PSTAT 5A: Discrete Random Variables

Lecture 8

Narjes Mathlouthi

2025-07-29

Welcome to Lecture 8

Discrete Random Variables

From outcomes to numbers: quantifying randomness

Today’s Learning Objectives

By the end of this lecture, you will be able to:

Define random variables and distinguish discrete from continuous
Work with probability mass functions (PMFs) and cumulative distribution functions (CDFs)
Calculate expected values and variances for discrete random variables
Apply properties of expectation and variance
Work with common discrete distributions (Bernoulli, Binomial, Geometric, Poisson)
Solve real-world problems using discrete random variables
Use python to compute probabilities and parameters

What is a Random Variable?

Definition: A random variable is a function that assigns a numerical value to each outcome of a random experiment.

Notation: Usually denoted by capital letters X, Y, Z

Key insight: Random variables transform outcomes into numbers, making statistical analysis possible

Treena - Random Variables

Die Roll Example: Mapping Outcomes to Numbers


1	2	3	4	5	6

Random Variable X maps each die face to its numerical value.

Why Use Random Variables?

Random variables allow us to:

Quantify outcomes numerically
Calculate means, variances, and other statistics
Model real-world phenomena
Make predictions and decisions
Compare different random processes

Examples: Height, test scores, number of defects, wait times, stock prices

Treena - Random Variables

Types of Random Variables

Today we focus on discrete random variables - notice there are gaps between possible values!

Discrete vs.

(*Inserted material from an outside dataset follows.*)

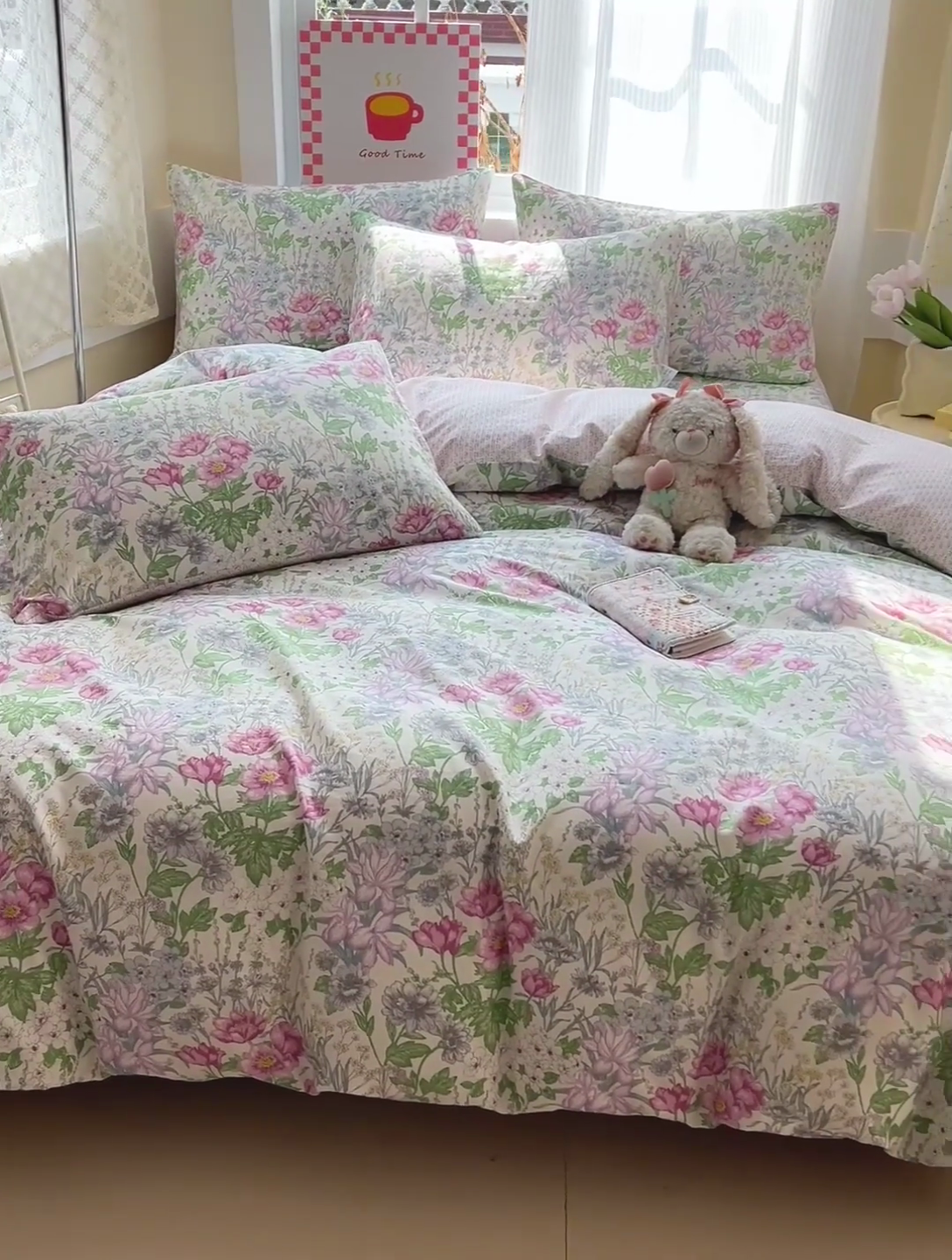 91家纺网 家纺一手货源 找家纺 棉生活家纺 2025新款ins全棉小清新系列四件套 丝丝花香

Continuous: Demystifying the type of Random Variables

Discrete Random Variable

Takes on a countable number of values

Can list all possible values

Examples:
• Dice rolls: {1, 2, 3, 4, 5, 6}
• Number of emails: {0, 1, 2, 3, …}
• Quiz scores: {0, 1, 2, …, 10}

Continuous Random Variable

Takes on uncountably many values

Cannot list all possible values

Examples:
• Height: Any value in [0, \infty)
• Time: Any positive real number
• Temperature: Any real number

Probability Mass Function (PMF)

Definition: The Probability Mass Function (PMF) of a discrete random variable X is:

P(X = x) = \text{probability that } X \text{ takes the value } x

Properties of PMF:

P(X = x) \geq 0 for all x
\sum_{\text{all } x} P(X = x) = 1

Interactive PMF Demo: Fair Die

Theoretical vs Observed Frequencies

Statistics: Click “Roll Die” to see statistics

PMF Example: Two Coin Flips

Two Coin Flips - Number of Heads

Let X = number of heads in two coin flips

Sample Space: \{HH, HT, TH, TT\}

H T H T

Current outcome: H T H T

Click coins to flip them!

Table summarizes by number of heads, not the exact sequence.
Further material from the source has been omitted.